Traduire/Ubersetzen

Origin of the Three-Piece Ski Boot

Author: 
Sven Coomer
A letter from Sven Coomer
Over the past couple of years, with the return to commercial success of “three-piece” or “open-throat” boot designs, popular magazines and newspapers have run a number of articles containing a misleading account of the origin of the concept. The external-tongue, open-throat design did not originate with the Raichle Flexon in 1979, but ten years earlier, with a couple of rigid metal shells created by Daleboot and Brixia. To get them off the mold, these rigid shells could not have overlapping flaps, and thus had to be sealed with a flexible external tongue.
 
We asked Sven Coomer, who has been designing ski boots since about 1968, to reflect on the history of the idea. Here’s what he wrote:
 
Actually there were numerous “open throat” or “non-overlap” shells that began around 1968 with Daleboot (magnesium) and Brixia (aluminum), Rosemount (fiberglass), etc.  The first model used and very successfully in FIS level speed events was the Henke Strato (shown above), on the feet of Roland Collombin (many DH wins including silver in the 1972 Sapporo Olympic DH).
 
Unfortunately the less expensive version was the cause of Henke’s demise. It was made of a cheaper, expanded polyurethane plastic, including the cuff straps which ripped off and could not be repaired.  So Roland picked up on the success of Phillip Roux, Roland’s Verbier village mate, who won in the Nordica Meteor, an overlap model.
 

Nordica Comp 3The Nordica Comp 3 of 1978 (photo left) was the first three-piece shell used in all FIS events, and also included the first lace-up inner boot used in plastic shells.  I used the Meteor shell as the prototype for the Comp 3.

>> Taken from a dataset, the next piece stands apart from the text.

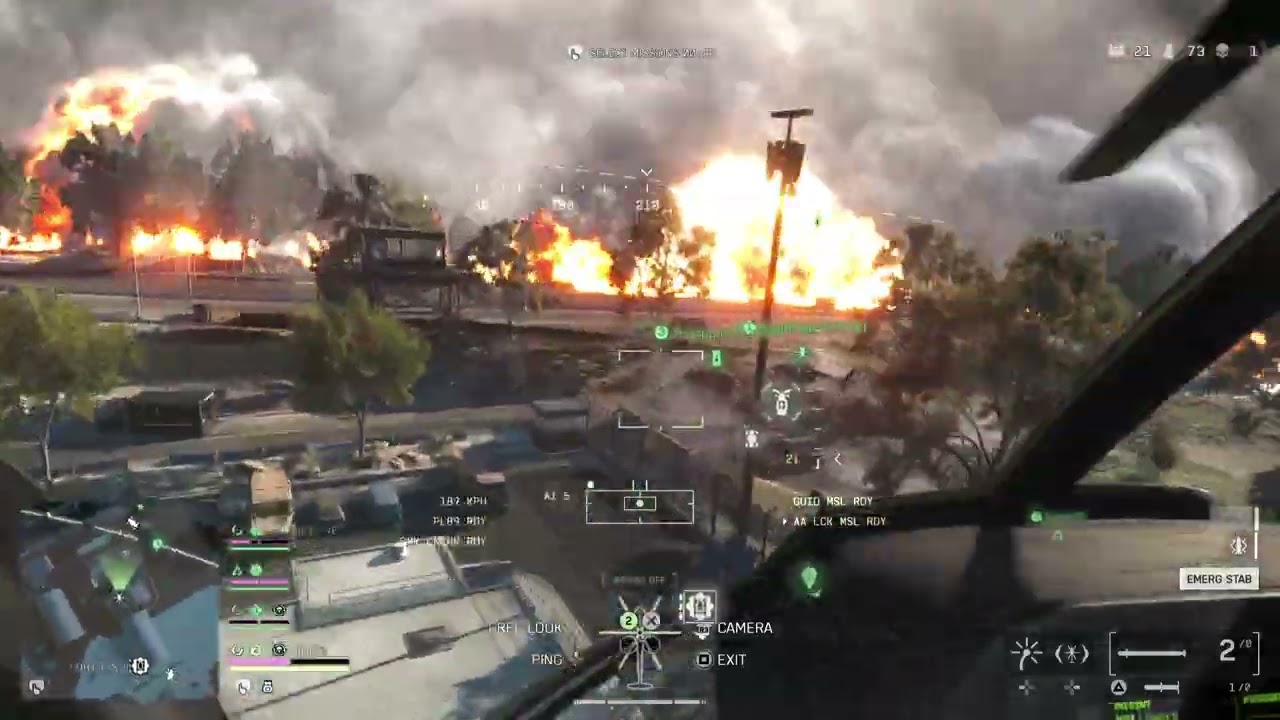 Battlefield 6_20260223210314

The shell-tongue was originally inside the shell, which I deemed most effective for anchoring the foot and heel, and the shell also contained the internal tongue “inner shell” from deforming when flexing (below in light blue and positioned here outside the Comp 3 shell).  Likewise this stabilized balance and control.

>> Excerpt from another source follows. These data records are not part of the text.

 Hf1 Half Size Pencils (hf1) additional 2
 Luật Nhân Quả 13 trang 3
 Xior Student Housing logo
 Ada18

 The Nordica Meteor last was exceptional, and it made a very powerful and stable boot … so I modified some details and used that (the black shell on the left, photo to right) to create the Flexon last. The first molded Flexon shell  is the white one on the right with the first convoluted black tongue which you can see inside.
 
The convoluted tongue however had to be trimmed so that it would NOT push-back when the skier-racers wanted to stay forward.  So often the push-back effect you mention was disconcerting. It was logical in static shop-floor theory and mind-sets but not in practice.  For example,  when driving through ruts and unexpected terrain or snow changes the ski was instead pushed forwards under and ahead of the skier leaving him/her in the back-seat and grappling for recoveries.
 
I see in their web site that Full Tilt (the K2 subsidiary that now makes and sells the Flexon boot) continues to promote the excessive ankle-flexing action … which is contrary to what experts and racers use.  Experts and racers do NOT flex their ankles because excessive and dangerous range-of- motion (+ 7 degrees) promotes ankle instability, loss of balance and control, less leverage over the bindings to release … and loads the knees and quads excessively.  Bending the ankles is for the intermediate stemmers and portly bellies. (Versions of the Flexon, including those sold by Raichle and Kneissl, at left.) 
 
Instead the experts-racers flex between the hips and knees. There is some cushion-absorption effect in the padding and functional power straps, Boosters. etc. A totally different range-of-motion than … “Bend zee knees (and ankles) $5 pleeze” is long since gone.  In fact since Aspen Interski 1968 and the revival of the Official Austrian Ski Technique and especially the transition to plastic boots.  (Anyway, it’s now $700 please.)  When the fore-aft ankle balance is in neutral … that is when skiing ability boomed … Before plastic boots, the Paranoids chutes at Mammoth only had a few tracks … and by the late 70′s there were moguls within hours after each snow storm.
 
Back to the Comp 3: Unfortunately, as usual and in typical stubborn righteous fashion the production versions were replete with unnecessary compromises and missed details.  Therefore the Comp 3 was far removed from the first prototype which worked very well and consequently was not more widely accepted among the FIS racers.  Rossignol marketing also had a hand at that time in choosing which boots the racers would use.
Of course Dalbello, who manufactured Raichle and Flexons in their Asolo factory, and were nearly drowned when Raichle folded, has been making open throat and 3 piece shell models ever since, and  also ventured into the Krypton long before K2 bought the molds and started making Full Tilt.